The automobile fuel industry also felt the effects of coronavirus. Oil demand decreased significantly amid travel restrictions and a price dispute between Saudi Arabia and Russia, and producers have struggled with limited storage capacity. As a result, the West Texas Intermediate (WTI) oil price index dropped to negative $37.63 on April 20. The negative price meant that, in some cases, companies paid for others to take oil contracts off their hands. Experts predict annual oil demand in 2020 will be over nine percent lower than demand in 2019. Though automobile fuel producers requested $3 billion in funding to purchase oil for the Strategic Petroleum Reserve (SPR), the CARES Act did not include this provision. Instead, the oil industry was allowed to participate in the CARES Act’s corporate assistance program and the US purchased one million barrels for the SPR.
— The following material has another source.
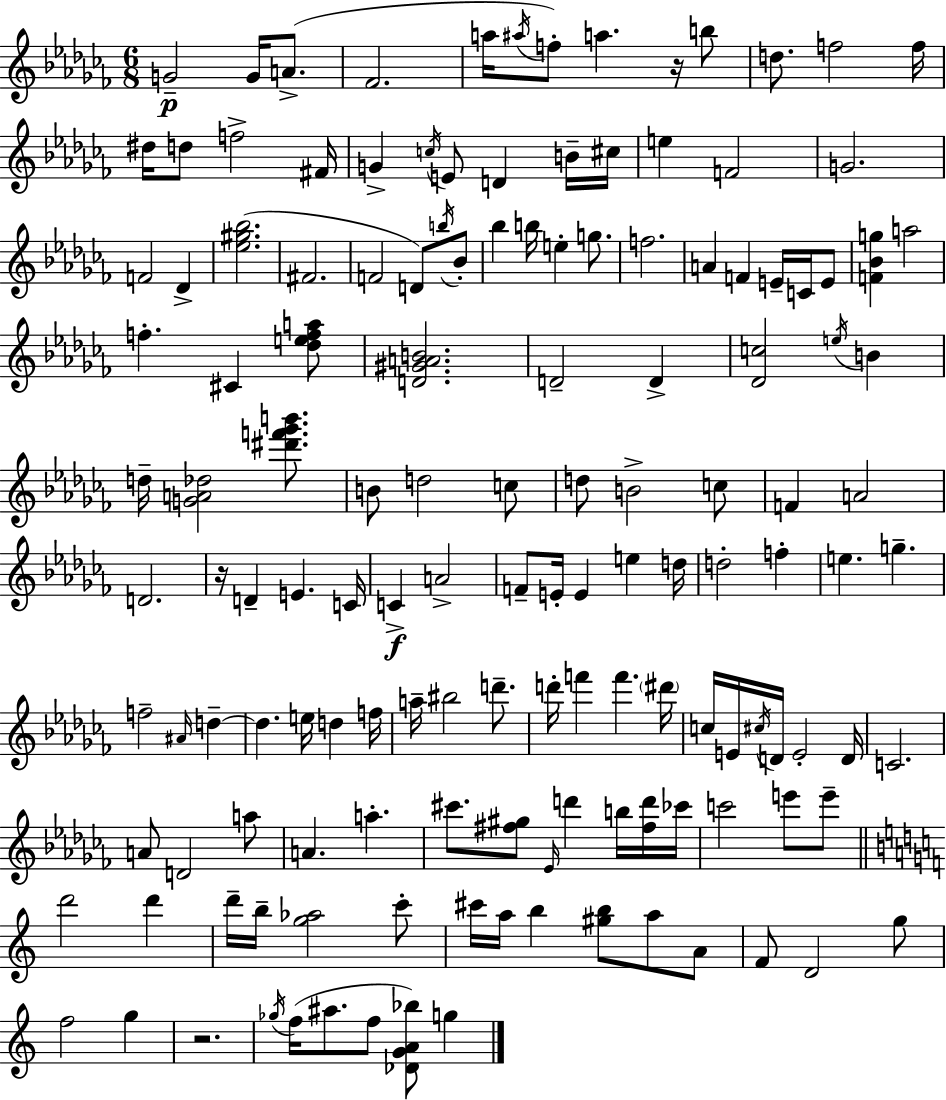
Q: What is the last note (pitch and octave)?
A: G5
Like airlines, passenger rail travelhas seen significantly decreased ridership. In March 2020, Amtrak bookings year-over-year declined by 85 percent and Amtrak cancellations year-over-year increased by 400 percent. Amid the outbreak, Amtrak suspended service on select routes, including its most popular Northeast Corridor trains, and local agencies followed suit. California’s Bay Area Rapid Transit system drew money from its $50 million reserve fund, and in April, reduced service to two trains each hour. New York City’s Metropolitan Transportation Authority experienced decreases in ridership up to 87 percent year-over-year and cut NYC subway system service by a quarter in March 2020.
Congressional funding for the rail industry was less than half of the airline industry’s total. The CARES Act allocated $25 billion to public transportation agencies such as commuter rail, and Amtrak received $1 billion in grants. Furthermore, the bill allocated more than $31 million for the Transportation Department’s preparation for and response to the COVID-19 outbreak, which will in part go towards the Federal Transit Administration and Federal Railroad Administration.
Despite some subsectors receiving relief, challenges still abound for the transportation sector. Most airlines have waived fees associated with rescheduled flights as a result of COVID-19, but some have been sued over their flight refund policies and practices. Due to cancelled travel plans, airline stocks have faltered and the International Air Transport Association predicts the sector will not see profitability until 2022 at the earliest.
The rail industry will face continued financial struggles as demand remains depressed, and will incur new expenses to protect drivers and passengers. The Centers for Disease Control and Prevention (CDC) recommends frequent cleanings of high-touch areas, instituting touch-free payment systems, using decals or tape to mark off six-foot distances, and providing hand sanitizing opportunities at all stations—all of which adds costs at a time when revenue is down.
Though the automobile fuel industry has struggled during the pandemic, and received little targeted stimulus funding, its near-term outlooks are brighter than those for rail and airlines. Experts predict that more people may rely on driving post-coronavirus, allowing the automobile and fuel industries to bounce back more quickly.
As some states roll back reopening plans and experts prepare for a second COVID-19 wave in the fall, transportation providers will likely institute plans to stay afloat, to the best of their ability. They’ll also have their eyes on the must-pass highway-authorization bill, which Congress must approve by September 30, and the broader infrastructure package that Democrats sent to an unreceptive Senate late last month. Both contain a slew of pandemic-related provisions.